HOLLYWOOD—Well the summer box-office kicks off this weekend with the release of “The Amazing Spiderman 2.” Yes, I know it’s hard to fathom that the “Spiderman” franchise was literally rebooted only 10 years after it first hit the big screen. I must admit I was a huge fan of “The Amazing Spiderman” when it was released in 2012, now we have its sequel which delves deeper into the psyche of Peter Parker (Andrew Garfield).
Those who have witnessed the countless trailers or TV spots are well aware that something epic will transpire in this installment. What that is I won’t spoil to the fan boys, but if you’ve read the comics or even seen the TV spots the viewer will have an idea.
One sensational aspect of the sequel is its ability to delve deeper into the relationship between Peter and Gwen Stacy (Emma Stone). Garfield and Stone have on-screen chemistry that is hard to describe; it just flares up each time the duo appear together. Our hero is battling his inner demons, the promise he made to Gwen’s father to stay away from her to keep her safe, even his Aunt May (Sally Field) warns her nephew that secrets have a cost, as well as the truth. Watching this movie I felt it was a mix of “Spiderman 2” and “Spiderman 3.” It had the love story between Peter Parker and Mary Jane, and then the overload of villains.
This is something that many comic book franchises falter on. This idea of having more than one villain is a detrimental effect on weaving a successful film in my opinion. Some would argue Christopher Nolan successfully accomplished this with “The Dark Knight.” While that argument is true, at its core The Joker remained the primary villain. In “Amazing Spiderman 2,” that’s not the case.
We don’t have one villain, not two, but three and none really stand-out as the primary antagonist for Peter Parker. Dane DeHaan delivers a creepy performance as Peter’s childhood friend Harry Osborne. He brings a darker tone to the character, compared to what was witnessed by James Franco. He went dark, but I don’t think anyone ever bought what Franco was doing.

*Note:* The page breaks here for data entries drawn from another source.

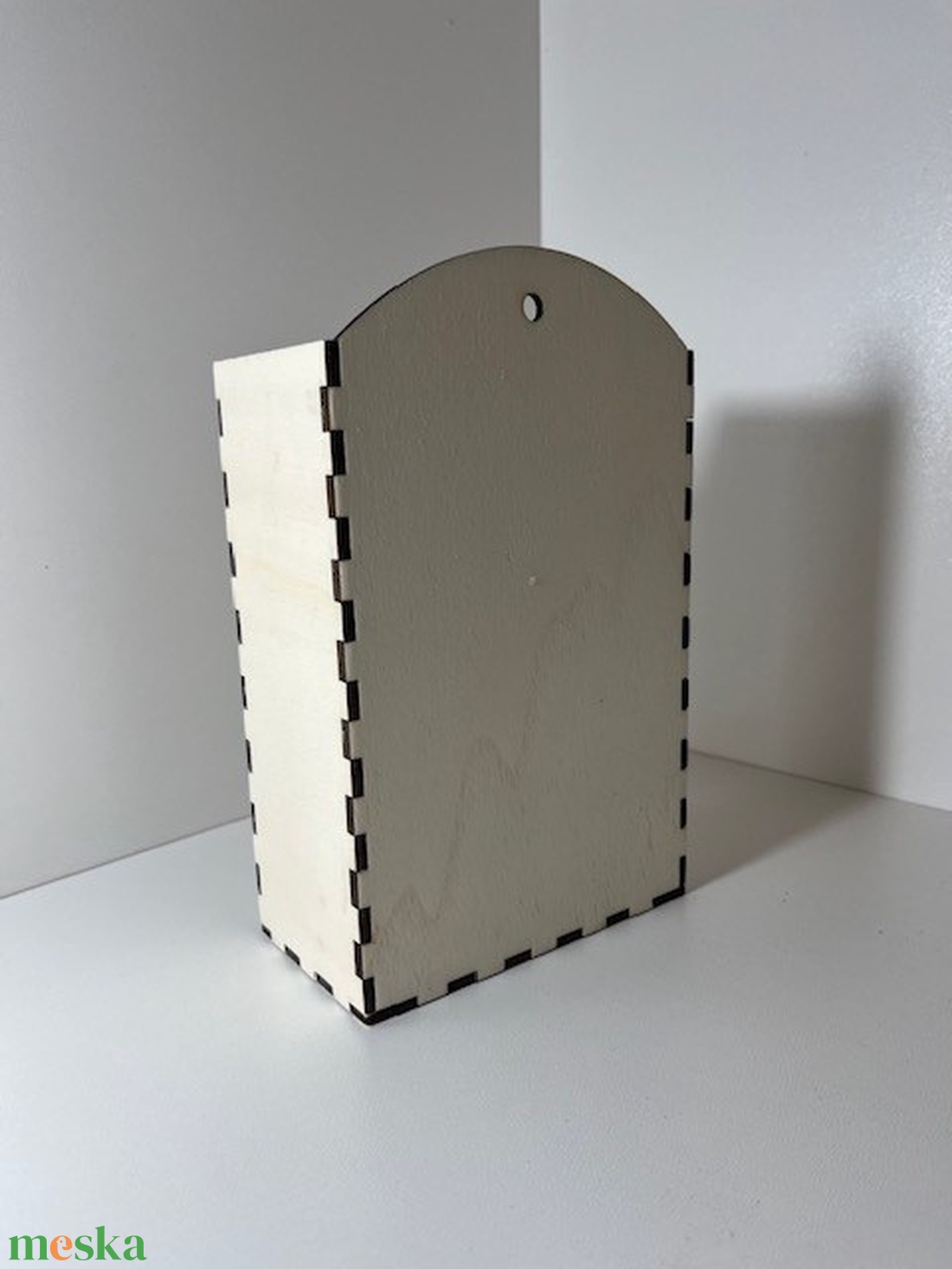 zsebkendő tartó - otthon & életmód - tárolás & rendszerezés - zsebkendőtartó - Meska.hu zsebkendő tartó - otthon & életmód - tárolás & rendszerezés - zsebkendőtartó - Meska.hu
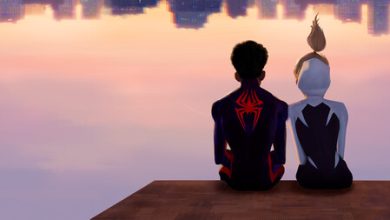 La mejor película de multiversos y superhéroes de todos los tiempos llega por fin a HBO Max en México y sin pagar ni un peso adicional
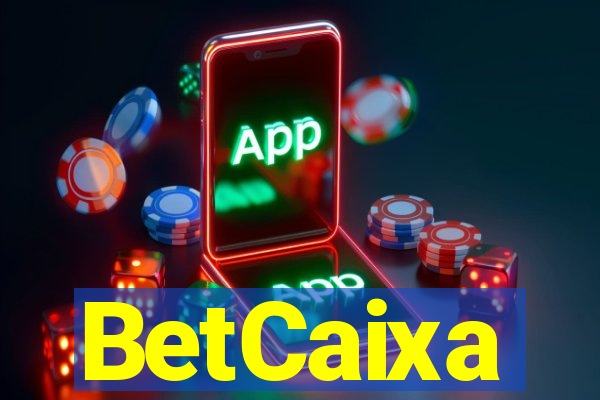 BetCaixa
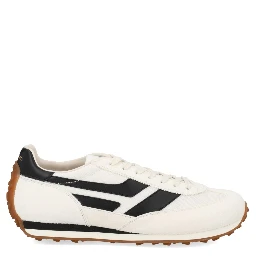 SNEAKER "MICK"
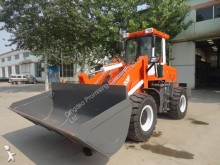 Dragon Loader ZL20F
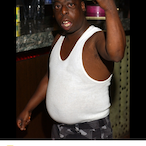 Chunkflyhigh's Avatar'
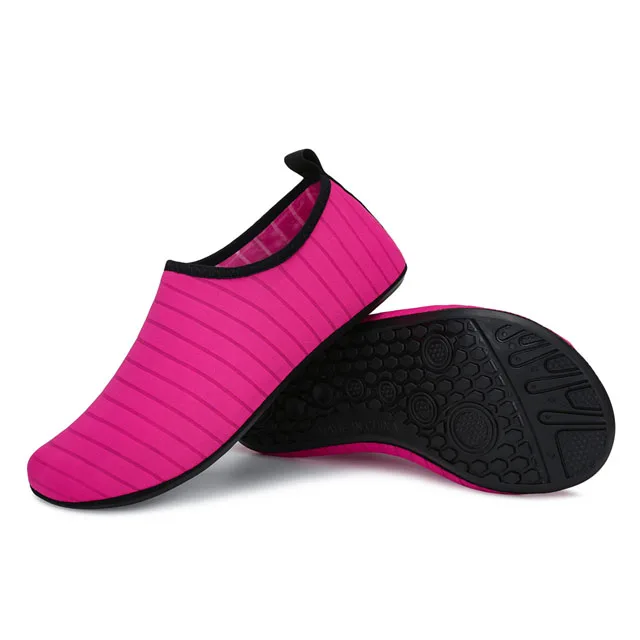 

Best New Pattern Outdoor Flat Shoes water shoes diving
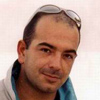Remo Angeloni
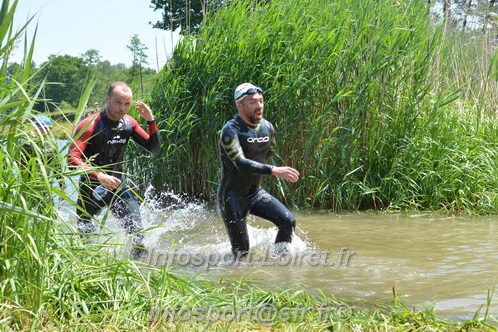 Triathlon_Brin_Amour_2023/BRIN2023_06138.JPG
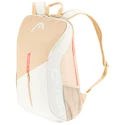 Sac à dos pour raquettes Head  Tour Backpack 25L CHYU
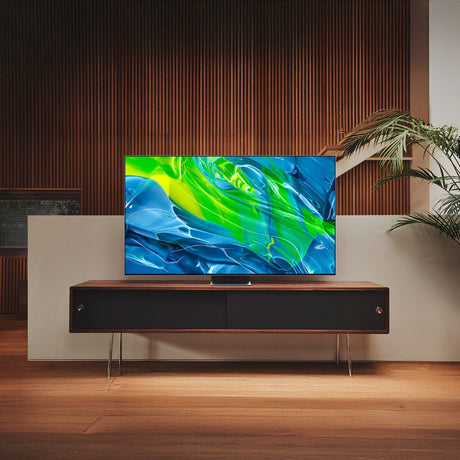 Televisions & Accessories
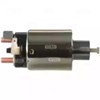 Interruptor solenoide 133049 CARGO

Osborne’s transformation doesn’t happen overnight, but when it happens it’s a treat for the audience, as he teams up with another baddie, Max Dillon (Jamie Foxx). Dillon is an OsCorp employee who becomes obsessed with Spiderman after being rescued while Spidey is doing battle with Aleksei Sytsevich (who the audience knows will become The Rhino). Writers Alex Kurtzman, Roberto Orci and Jeff Pinkner attempt to weave the tale of all the villains in a straight-laced narrative, but a few jumbles occur along the way. There are a few twists in the picture that will deliver a few surprises for audiences, to keep the narrative from being predictable.
What will be a standout for audiences are the special effects, which are spectacular. The visual prowess and look of Electro gives the character an appearance unlike anything we’ve seen in the comics and on television. One problem, Electro is not the big baddie that the movie tots him to be. He almost takes a back seat to DeHaan’s Green Goblin. Honestly, I thought Electro should have been front and center, because he proves to be a formidable foe for Spidey. The few battles the two engage in are awesome, and the price of a 3D ticket is well worth seeing the special effects directly in your face.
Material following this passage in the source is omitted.